When healthcare reform was rolled out in 2010, there was a provision included in the law imposing a tax on healthcare benefits provided to employees that exceed a threshold cost. This tax has been referred to as the “Cadillac tax” since it is aimed at “high cost” health plans. The unfortunate impact of this tax is that many employers will have to actually reduce the level of health benefits that they provide to employees in order to avoid the tax.
The tax, scheduled to come into play in 2018, equals 40% of any “excess benefit” provided to an employee. Excess benefit is the cost of the “applicable coverage” of the employee for the month over the “applicable dollar limit” for the employee for the month. Recently, the IRS issued Notice 2015-16 seeking comments from the public regarding the details of this tax.
What is Applicable Coverage?
Applicable coverage means any plan of an employer or an employee organization that provides health care to the employees, former employees, the employer, others associated or formerly associated with the employer in a business relationship, or their families. The IRS expects that this would include the following types of plans:
The IRS is currently considering whether stand-alone dental and vision plans, and Employee Assistance Plans (EAPs), would be considered applicable coverage.
How is the Cost of Applicable Coverage Determined?
The cost of Applicable Coverage is determined under rules similar to those that apply for purposes of determining COBRA premiums. So, the cost would generally be based on the average cost of providing coverage to those employees under the plan who are similarly situated. It looks at both the employer’s cost and the employee’s cost. For example, if an insured medical plan has a premium equal to $800 per month, and the employer pays $300 of that premium, the cost of the coverage that would be used for the tax calculation would be the full $800. Since all plans do not have easily determined premiums, there are special rules being considered for self-insured plans, HRAs, and other types of plans.

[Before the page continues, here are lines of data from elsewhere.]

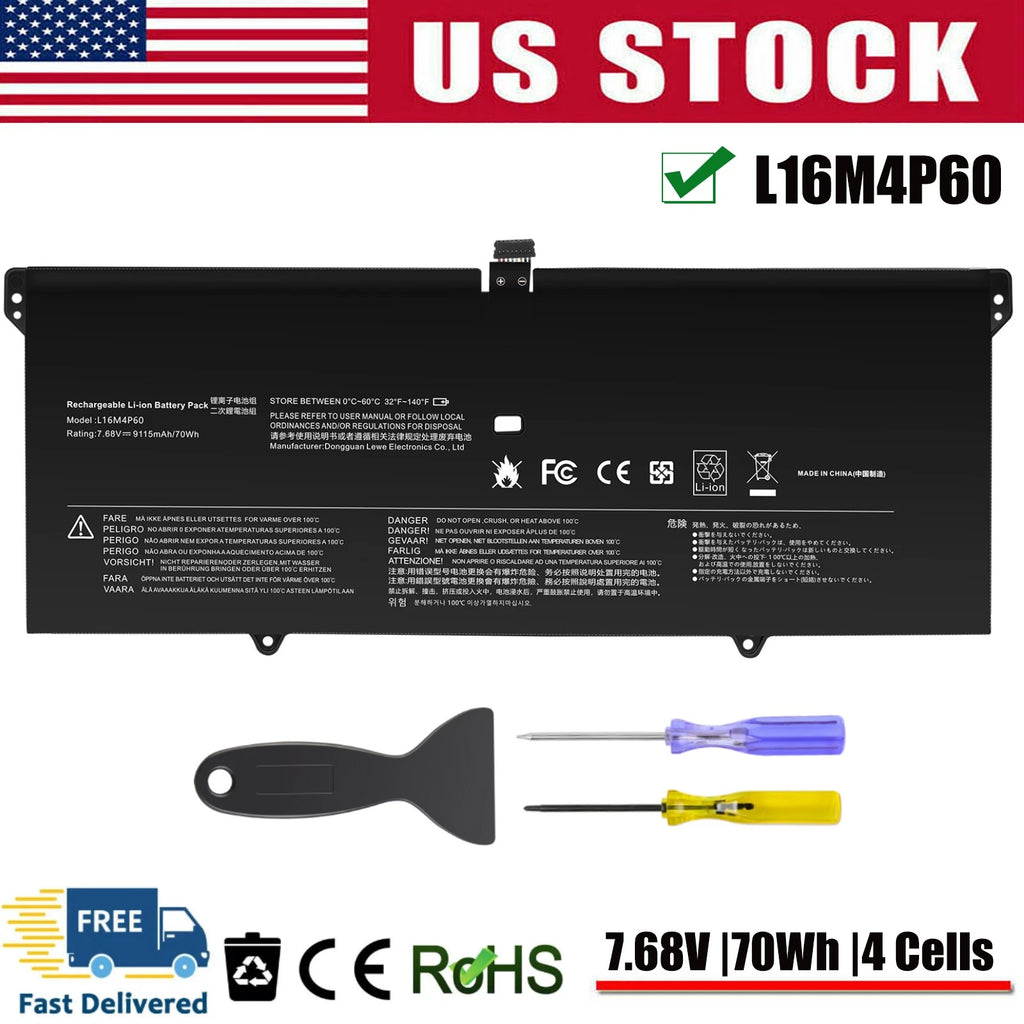 L16C4P61 L16M4P60 LAPTOP BATTERY FOR LENOVO Yoga 6 Pro-13IKB 920-13IKB-80Y8 US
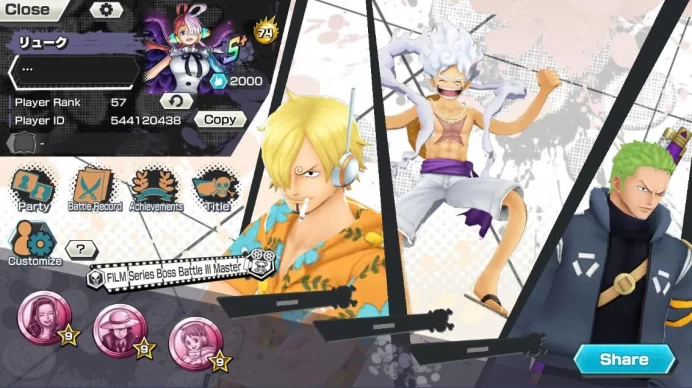 BR653-IOS+Android-Hyber 74+11 Ex(Gear 5 v2+Garp+Kuzan Skin+Shank v4 Skin+Lucci+Roger+Kaido+Snake+Yamato Ace)+Good Medal+Support 166%+Many BF Max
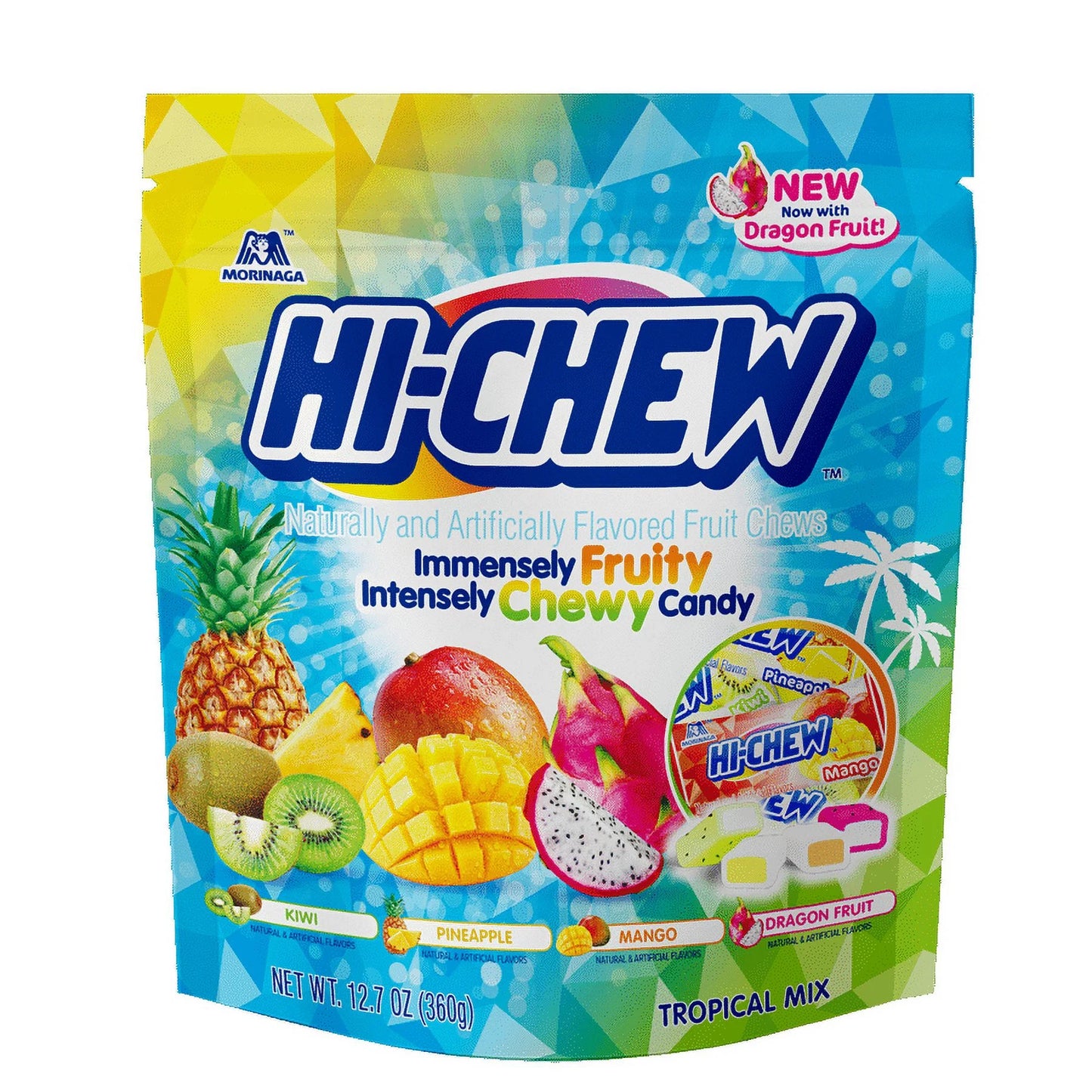 Hi-Chew Tropical Mix Chewy Candy,Bolsa 360g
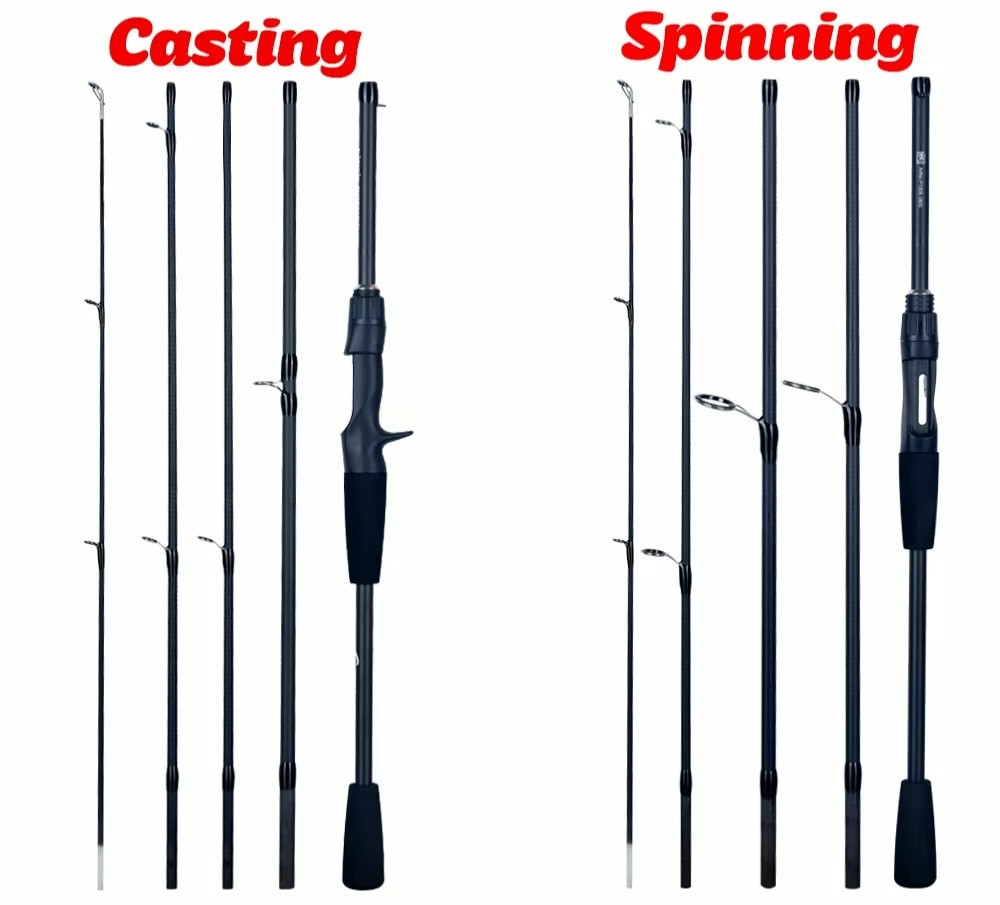 Travel Vacation Fishing Rod Sea Saltwater Freshwater Fishing Rods Cast & Spin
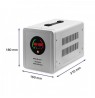 Qoltec 50720 Uninterruptible power supply Pure Sine Wave UPS | 800VA | 560W | Grey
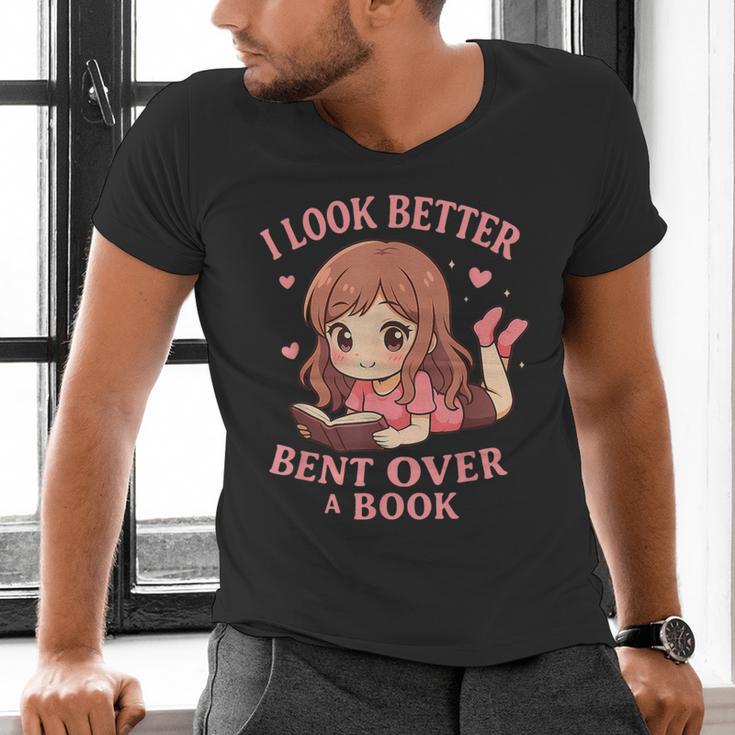 Cute Reading Outfit Book Lover Tee For Women Who Read Men's V-Neck T-Shirt
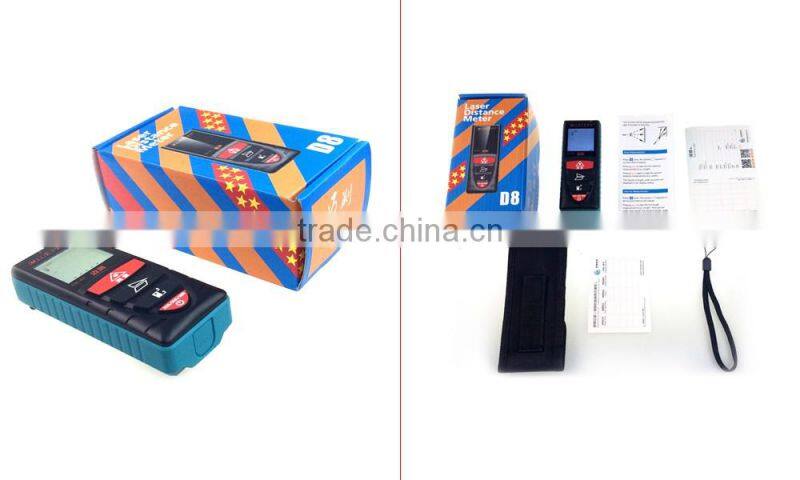 D8 40M Waterproof Hot Sell Digital Laser Measuring Distance Laser Range finder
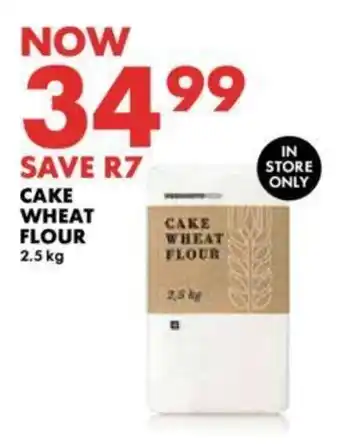Woolworths CAKE WHEAT FLOUR 2.5kg offer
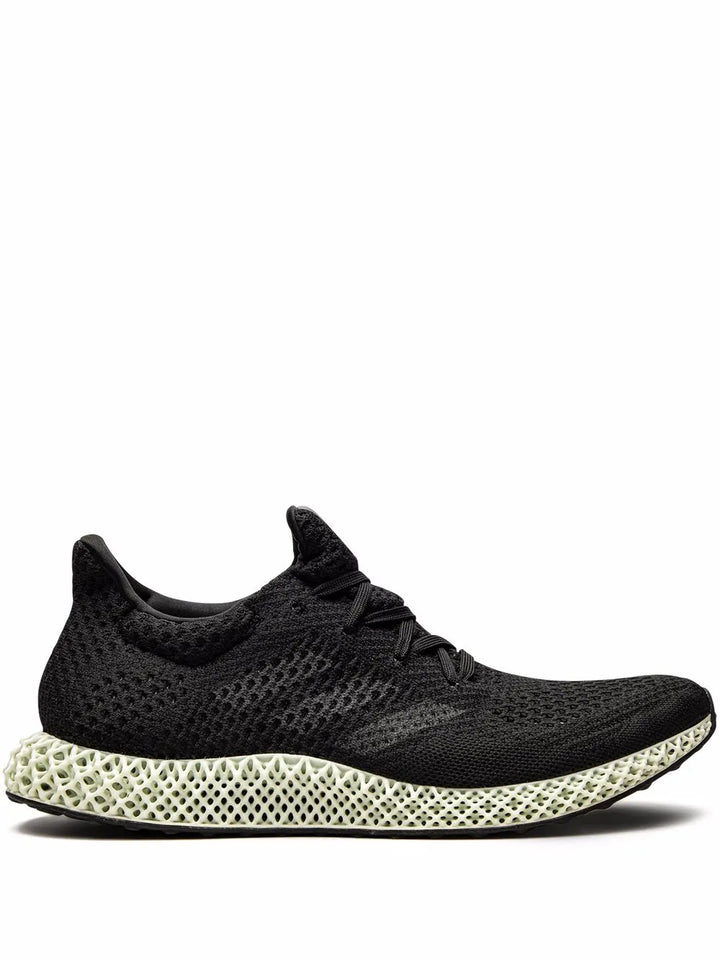 adidas Futurecraft 4D Core Black/Linen Green Sneakers — Same as shown — Size US M 3.5 - US W 5 — Front View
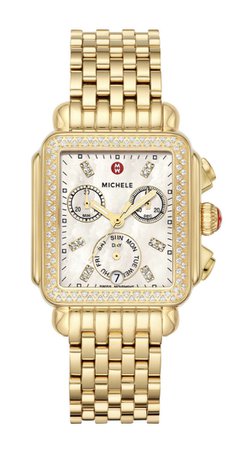 Gold Michele watch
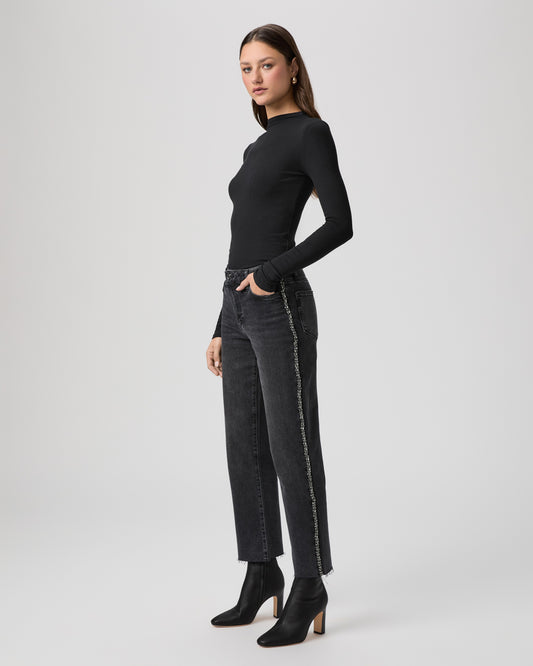 Mason Ankle Straight Jean - Glitz Black Embellished 23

The law requires that the cost of Applicable Coverage be calculated separately for self-only coverage and other-than-self-only coverage. Any coverage under a multiemployer plan will be considered other-than-self-only coverage. In addition, the law allows the plan to treat retired employees who have not reach age 65 and retired employees age 65 and older as similarly situated participants.
What is the Applicable Dollar Limit?
There are actually two annual Applicable Dollar Limits for 2018 – $10,200 for an employee with self-only coverage, and $27,500 for an employee with other-than-self-only coverage. The determination of what type of coverage the employee has is based on the coverage that is provided to the employee as of the beginning of the month. In some cases, an employee may have both types of coverage simultaneously – such as family coverage under the employer’s medical plan and self-only coverage under the on-site medical clinic. The IRS is considering how to handle this situation but is proposing either using the coverage that accounts for the majority of the cost or using a composite dollar limit determined by pro-rating the dollar limits for each employee according to the ratio of the cost of the self-only coverage and the cost of the other-than-self-only coverage provided to the employee. For multiemployer plans, all coverage is subject to the $27,500 limit since the coverage is automatically considered to be other-than-self-only coverage.
There are adjustments to these limits for certain factors. An additional amount is added to the dollar limit for “qualified retirees,” which are any individuals who are receiving retiree coverage, are at least age 55, and are not entitled to, or eligible for, Medicare. An additional amount is also added to the dollar limits of individuals (including retirees) who participate in a plan sponsored by an employer, the majority of whose employees covered by the plan are engaged in high-risk professions or employed to repair or install electrical or telecommunication lines. High-risk professions include police officers, fire fighters, paramedics and first-responders, longshoremen, and workers in the construction, mining, agriculture, forestry and fishing industries. Finally, the dollar limits may be increased by an employer for age and gender adjustments if the age and gender characteristics of an employer’s workforce are different from those of the national workforce.
Who is Responsible for Paying the Tax?
Each “coverage provider” is responsible to pay its applicable share of the tax on the excess benefit. The employer is required to calculate the tax and determine what the applicable share is for each coverage provider. If the employer calculates the tax incorrectly or allocates the tax incorrectly to the coverage providers, the employer will be subject to a penalty of 100% of the error amount and underpayment interest.
To determine who the coverage provider is, you must look at the type of coverage: for fully insured coverage, it is the health insurance issuer; for HSA and MSA contributions, it is the employer; and for all other coverage, it is the person that administers the plan benefits. It is unclear from the law whether this means the ERISA plan administrator, or the third-party administrator. Keep in mind that taxes imposed on the health insurance issuer or a third-party administrator are likely to be passed on to the employer through increased premiums and fees.
What Should You Do Now?
Although the tax on excess benefits does not go into effect until 2018, you should start looking at what health plans you have that will be included in the calculation. If it looks like the cost of these plans will exceed the stated thresholds, then you should start thinking about ways to reduce the cost, with ample time to implement changes and to inform employees how their coverage may be changing.